FireSim-NVDLA is a fork of the FireSim repository which we have integrated NVIDIA Deep Learning Accelerator (NVDLA) into. FireSim-NVDLA runs on the Amazon FPGA cloud (EC2 F1 instance). The figure below shows the overview of FireSim-NVDLA:
To work with FireSim-NVDLA, first, you need to learn how to use FireSim. Once you learned that, simulating NVDLA would be very easy. We recommend following the steps in the FireSim documentation (v1.4) to set up the simulator and run a single-node simulation. The only difference is you use the URL of this repository when cloning FireSim in "Setting up the FireSim Repo":
git clone https://github.com/CSL-KU/firesim-nvdla
cd firesim-nvdla
./build-setup.sh fast
Note: FireSim-NVDLA is tested to work on FPGA Developer AMI
versions 1.4.0 and 1.5.0. At this time, if you launch a new EC2 instance of FPGA Developer AMI
, you have to use the latest version which is 1.5.0.
Once you successfully run a single-node simulation, come back to this guide and follow the rest of instructions.
In this section, we guide you through configuring FireSim to run YOLOv3 object detection algorithm on NVDLA. YOLOv3 runs on a modified version of the Darknet neural network framework that supports NVDLA acceleration. First, download Darknet and rebuild the target software:
cd firesim-nvdla/sw/firesim-software
./get-darknet
./sw-manager.py -c br-disk.json build
Then, configure FireSim to simulate the target which includes NVDLA. In order to do that, in firesim-nvdla/deploy/config_runtime.ini
, change the parameter defaulthwconfig
to firesim-quadcore-no-nic-nvdla-ddr3-llc4mb
. Your final config_runtime.ini
should look like this:
# RUNTIME configuration for the FireSim Simulation Manager
# See docs/Advanced-Usage/Manager/Manager-Configuration-Files.rst for documentation of all of these params.
[runfarm]
runfarmtag=mainrunfarm
f1_16xlarges=0
m4_16xlarges=0
f1_2xlarges=1
runinstancemarket=ondemand
spotinterruptionbehavior=terminate
spotmaxprice=ondemand
[targetconfig]
topology=no_net_config
no_net_num_nodes=1
linklatency=6405
switchinglatency=10
netbandwidth=200
profileinterval=-1
# This references a section from config_hwconfigs.ini
# In homogeneous configurations, use this to set the hardware config deployed
# for all simulators
defaulthwconfig=firesim-quadcore-no-nic-nvdla-ddr3-llc4mb
[tracing]
enable=no
startcycle=0
endcycle=-1
[workload]
workloadname=linux-uniform.json
terminateoncompletion=no
Follow the instructions on the FireSim documentation to launch the simulation then, log into the simulated machine and run:
cd /usr/darknet-nvdla/
./solo.sh
The command above launches Darknet and runs YOLOv3 on the image darknet-nvdla/data/person.jpg
. Once detection is done, the time that it takes to run the algorithm and the probabilities of objects detected in the image appear on the screen:
...
data/person.jpg: Predicted in 0.129548 seconds.
horse: 100%
dog: 99%
person: 100%
Darknet saves the image with bounding boxes around the detected objects in darknet-nvdla/predictions.png
:
The pre-built target we provided above is for a quad-core processor with no network interface, a last-level cache with the maximum size of 4 MiB, and a DDR3 model with FR-FCFS controller.
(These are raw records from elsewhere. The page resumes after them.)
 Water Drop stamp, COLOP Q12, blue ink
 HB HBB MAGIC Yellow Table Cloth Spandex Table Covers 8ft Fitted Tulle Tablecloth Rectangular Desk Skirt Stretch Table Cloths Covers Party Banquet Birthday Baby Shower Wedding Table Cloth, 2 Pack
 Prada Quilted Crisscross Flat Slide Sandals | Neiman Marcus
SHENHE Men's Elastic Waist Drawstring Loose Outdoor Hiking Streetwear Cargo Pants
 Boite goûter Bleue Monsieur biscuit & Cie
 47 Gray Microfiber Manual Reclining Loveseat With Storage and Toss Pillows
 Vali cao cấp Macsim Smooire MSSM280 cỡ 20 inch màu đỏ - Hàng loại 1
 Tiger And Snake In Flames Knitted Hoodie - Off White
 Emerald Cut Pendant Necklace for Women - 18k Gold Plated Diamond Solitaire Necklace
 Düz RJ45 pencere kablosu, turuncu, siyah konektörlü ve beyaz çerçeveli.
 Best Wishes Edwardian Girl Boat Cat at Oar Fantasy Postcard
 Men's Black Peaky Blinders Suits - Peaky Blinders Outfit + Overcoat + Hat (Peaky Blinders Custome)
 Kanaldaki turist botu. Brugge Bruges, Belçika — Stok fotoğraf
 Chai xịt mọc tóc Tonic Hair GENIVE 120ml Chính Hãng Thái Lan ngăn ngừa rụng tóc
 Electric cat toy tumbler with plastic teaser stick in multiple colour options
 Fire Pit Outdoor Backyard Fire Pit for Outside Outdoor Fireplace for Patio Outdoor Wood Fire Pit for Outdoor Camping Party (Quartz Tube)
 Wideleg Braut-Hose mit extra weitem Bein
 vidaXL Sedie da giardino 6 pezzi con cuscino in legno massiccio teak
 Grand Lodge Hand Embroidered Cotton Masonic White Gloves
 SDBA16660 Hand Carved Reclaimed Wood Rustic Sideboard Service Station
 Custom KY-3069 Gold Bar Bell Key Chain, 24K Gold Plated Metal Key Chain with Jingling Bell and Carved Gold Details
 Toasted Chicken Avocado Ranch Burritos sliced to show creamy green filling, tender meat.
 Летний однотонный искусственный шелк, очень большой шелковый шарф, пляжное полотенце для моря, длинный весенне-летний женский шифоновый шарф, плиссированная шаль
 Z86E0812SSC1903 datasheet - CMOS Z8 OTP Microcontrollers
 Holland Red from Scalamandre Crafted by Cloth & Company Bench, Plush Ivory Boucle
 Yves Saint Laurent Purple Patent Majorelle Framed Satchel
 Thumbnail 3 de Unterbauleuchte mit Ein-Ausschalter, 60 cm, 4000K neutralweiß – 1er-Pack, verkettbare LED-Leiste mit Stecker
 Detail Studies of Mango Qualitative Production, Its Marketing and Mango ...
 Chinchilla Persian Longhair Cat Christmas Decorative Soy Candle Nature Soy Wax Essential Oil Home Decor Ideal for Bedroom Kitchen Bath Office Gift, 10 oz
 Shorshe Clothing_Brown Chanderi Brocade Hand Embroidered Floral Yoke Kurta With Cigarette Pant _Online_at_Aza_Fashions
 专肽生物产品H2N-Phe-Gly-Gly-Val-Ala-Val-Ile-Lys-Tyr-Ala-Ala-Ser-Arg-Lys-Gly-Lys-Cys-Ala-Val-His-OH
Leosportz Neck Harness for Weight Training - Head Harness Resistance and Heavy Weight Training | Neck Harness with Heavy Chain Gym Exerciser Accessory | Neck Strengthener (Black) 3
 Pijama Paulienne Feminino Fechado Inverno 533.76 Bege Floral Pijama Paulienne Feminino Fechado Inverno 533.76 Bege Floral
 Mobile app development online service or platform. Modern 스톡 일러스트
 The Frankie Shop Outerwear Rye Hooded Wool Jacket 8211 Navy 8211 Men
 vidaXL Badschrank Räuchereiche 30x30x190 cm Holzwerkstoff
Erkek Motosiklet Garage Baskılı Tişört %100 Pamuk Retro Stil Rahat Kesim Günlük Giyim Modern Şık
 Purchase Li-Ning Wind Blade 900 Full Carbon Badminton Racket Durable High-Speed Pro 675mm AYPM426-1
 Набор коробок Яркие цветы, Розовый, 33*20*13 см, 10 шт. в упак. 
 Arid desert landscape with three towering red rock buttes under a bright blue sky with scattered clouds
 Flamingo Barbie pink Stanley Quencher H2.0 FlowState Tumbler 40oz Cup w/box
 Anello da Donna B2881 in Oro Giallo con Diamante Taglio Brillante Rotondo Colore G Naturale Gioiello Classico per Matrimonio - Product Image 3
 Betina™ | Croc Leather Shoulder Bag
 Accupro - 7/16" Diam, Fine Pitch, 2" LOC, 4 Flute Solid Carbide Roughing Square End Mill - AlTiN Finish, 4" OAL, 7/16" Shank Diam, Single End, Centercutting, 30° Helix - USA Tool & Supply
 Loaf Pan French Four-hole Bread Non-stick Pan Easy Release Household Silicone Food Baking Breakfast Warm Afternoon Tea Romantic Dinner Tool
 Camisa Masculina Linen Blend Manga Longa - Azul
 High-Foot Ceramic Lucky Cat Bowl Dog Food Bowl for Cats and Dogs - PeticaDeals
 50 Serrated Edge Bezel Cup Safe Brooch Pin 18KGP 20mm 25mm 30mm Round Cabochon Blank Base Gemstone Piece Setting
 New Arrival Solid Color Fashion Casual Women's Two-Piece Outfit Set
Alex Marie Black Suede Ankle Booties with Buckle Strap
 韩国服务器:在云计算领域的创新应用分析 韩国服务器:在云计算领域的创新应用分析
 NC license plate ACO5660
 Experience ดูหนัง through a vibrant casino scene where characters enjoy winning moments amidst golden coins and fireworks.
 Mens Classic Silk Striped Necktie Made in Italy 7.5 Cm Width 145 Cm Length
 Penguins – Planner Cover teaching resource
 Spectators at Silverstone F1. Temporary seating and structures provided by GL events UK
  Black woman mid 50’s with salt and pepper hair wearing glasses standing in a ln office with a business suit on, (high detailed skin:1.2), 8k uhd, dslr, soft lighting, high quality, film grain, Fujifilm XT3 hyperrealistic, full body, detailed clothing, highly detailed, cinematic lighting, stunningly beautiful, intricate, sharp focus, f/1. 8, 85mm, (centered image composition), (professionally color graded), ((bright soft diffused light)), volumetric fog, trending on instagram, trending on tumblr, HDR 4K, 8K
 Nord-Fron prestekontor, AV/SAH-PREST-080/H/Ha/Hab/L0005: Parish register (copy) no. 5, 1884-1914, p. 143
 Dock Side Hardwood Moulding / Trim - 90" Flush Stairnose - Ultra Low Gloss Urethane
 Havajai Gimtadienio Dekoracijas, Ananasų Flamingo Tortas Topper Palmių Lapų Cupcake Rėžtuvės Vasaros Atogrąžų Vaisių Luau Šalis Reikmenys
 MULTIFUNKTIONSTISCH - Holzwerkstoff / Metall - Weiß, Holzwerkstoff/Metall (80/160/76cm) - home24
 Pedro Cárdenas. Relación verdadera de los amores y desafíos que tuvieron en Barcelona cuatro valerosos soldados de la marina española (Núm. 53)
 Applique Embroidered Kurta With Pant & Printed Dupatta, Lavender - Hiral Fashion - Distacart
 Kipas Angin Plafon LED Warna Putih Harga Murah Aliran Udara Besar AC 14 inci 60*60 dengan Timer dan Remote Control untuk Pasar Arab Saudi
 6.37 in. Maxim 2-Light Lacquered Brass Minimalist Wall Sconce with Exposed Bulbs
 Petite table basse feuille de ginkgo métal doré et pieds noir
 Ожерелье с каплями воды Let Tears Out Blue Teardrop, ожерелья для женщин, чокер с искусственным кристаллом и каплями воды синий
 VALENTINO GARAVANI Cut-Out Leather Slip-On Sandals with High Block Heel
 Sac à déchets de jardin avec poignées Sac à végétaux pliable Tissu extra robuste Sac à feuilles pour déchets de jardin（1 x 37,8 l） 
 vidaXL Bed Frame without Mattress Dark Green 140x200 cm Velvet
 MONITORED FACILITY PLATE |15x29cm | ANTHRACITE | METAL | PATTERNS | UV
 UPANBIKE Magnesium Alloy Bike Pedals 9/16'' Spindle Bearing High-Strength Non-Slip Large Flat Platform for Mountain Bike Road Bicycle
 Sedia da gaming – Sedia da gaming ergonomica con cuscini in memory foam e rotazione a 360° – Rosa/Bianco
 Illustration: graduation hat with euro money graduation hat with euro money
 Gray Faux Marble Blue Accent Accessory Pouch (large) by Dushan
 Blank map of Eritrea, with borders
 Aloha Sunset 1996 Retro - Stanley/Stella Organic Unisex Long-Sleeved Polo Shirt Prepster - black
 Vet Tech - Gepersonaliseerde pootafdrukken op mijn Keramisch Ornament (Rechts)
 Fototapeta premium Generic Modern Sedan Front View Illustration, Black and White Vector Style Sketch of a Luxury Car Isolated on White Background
It is simple and easy to add NVDLA to any other configuration and build your own FPGA image. First, learn how to build a FireSim FPGA image by reading "Building Your Own Hardware Designs (FireSim FPGA Images)" and learn about the meaning and use of parameters in config_build_recipes.ini
.
Once you know how to build a FireSim FPGA image, building your own custom configuration with NVDLA is easy. Simply, add a new build definition in config_build_recipes.ini
which matches your custom configuration and add _WithNVDLALarge
to the end of TARGET_CONFIG
parameter. For example, use the build definition below to build an image for a single-core processor with a network interface and a latency-bandwidth pipe memory model:
[name-of-configuration]
DESIGN=FireSim
TARGET_CONFIG=FireSimRocketChipSingleCoreConfig_WithNVDLALarge
PLATFORM_CONFIG=FireSimConfig
instancetype=c4.4xlarge
deploytriplet=None
Replace name-of-configuration
with the desired name for your new configuration. Follow the instructions on the FireSim documentation to build the AGFI and add it to config_hwdb.ini
. NVDLA is a large design therefore, it takes about 8 hours to finish the build on a c4.4xlarge instance. To simulate the target you have built, replace defaulthwconfig
in config_runtime.ini
with name-of-configuration
.
You can do all sort of cool things by experimenting with different configurations. For example, you can measure the performance of NVDLA with respect to the memory latency when you choose the latency-bandwidth pipe memory model. The latency of this memory model can be configured at the runtime without having to rebuild the FPGA image. In addition, the Rocket Chip can be further customized by modifying the Chisel code. For example, you can change the memory bus width and see how the NVDLA performance changes.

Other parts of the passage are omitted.